== Data section ==
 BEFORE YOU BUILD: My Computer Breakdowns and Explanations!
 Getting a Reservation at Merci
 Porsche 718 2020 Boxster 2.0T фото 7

== Assignment ==
Each line of the data must be retyped exactly.

== Solved problem ==
 BEFORE YOU BUILD: My Computer Breakdowns and Explanations!
 Getting a Reservation at Merci
 Porsche 718 2020 Boxster 2.0T фото 7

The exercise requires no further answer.